Australia has been at the forefront of the pushback against the tech giants, with Sims commissioned 18 months ago by then treasurer Scott Morrison to ­investigate the industry …

In Australia, for every $100 spent by advertisers online — ­excluding classifieds — $47 goes to Google, $24 to Facebook and the rest of the media industry scraps over the rest. That’s a huge share of the esti­mated $9 billion market that has grown more than eightfold since 2005, much of it by taking share formerly held by traditional media.

The ACCC found more than 98 per cent of online searches on mobile devices are with Google, while Facebook had about 17 million Australians checking in for half an hour every day. …

Australia too

Shopping patterns, browsing history, location and personal data, such as the size of your family or your relationship status, are there to be collected, aggregated, sliced and diced and auctioned to the highest bidder. “The world has never before seen so much commercially sensitive and personal data collected and aggregated in just two companies,” [Treasurer Josh] Frydenberg says. “Our legislative and regulatory framework could not and did not anticipate such a new paradigm, a paradigm which poses real ­challenges for authorities the world over.” …

Meanwhile Alphabet, the parent company of Google, posted quarterly results that showed it beat brokers estimates by $US900 million ($1.3 billion). Its ­advertising revenue jumped by 16 per cent.

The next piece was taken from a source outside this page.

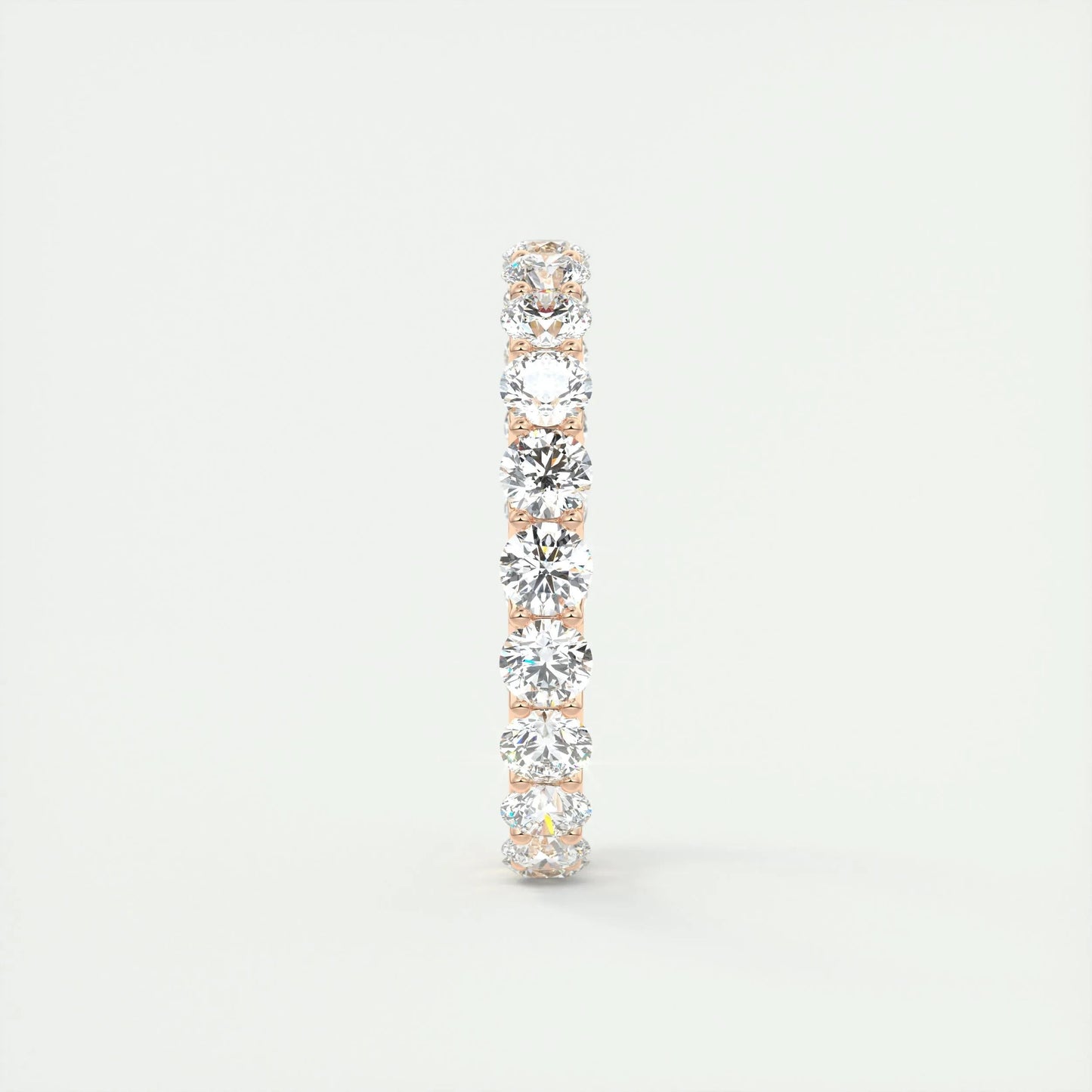 2.10 TCW Round Cut Full Eternity Moissanite Bridal Wedding Band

It was a stark reminder of just how rich and powerful the tech ­giants have become that their ­results are untouched by the extraordinary level of global attention their businesses now attract.

Commenter Terry:

I hope this leads to an end to foreign sellers being allowed to represent themselves as being in Australia while undercutting all Australian business and avoiding all consumer, import and other federal and state legal compliance which is applied to Australians online.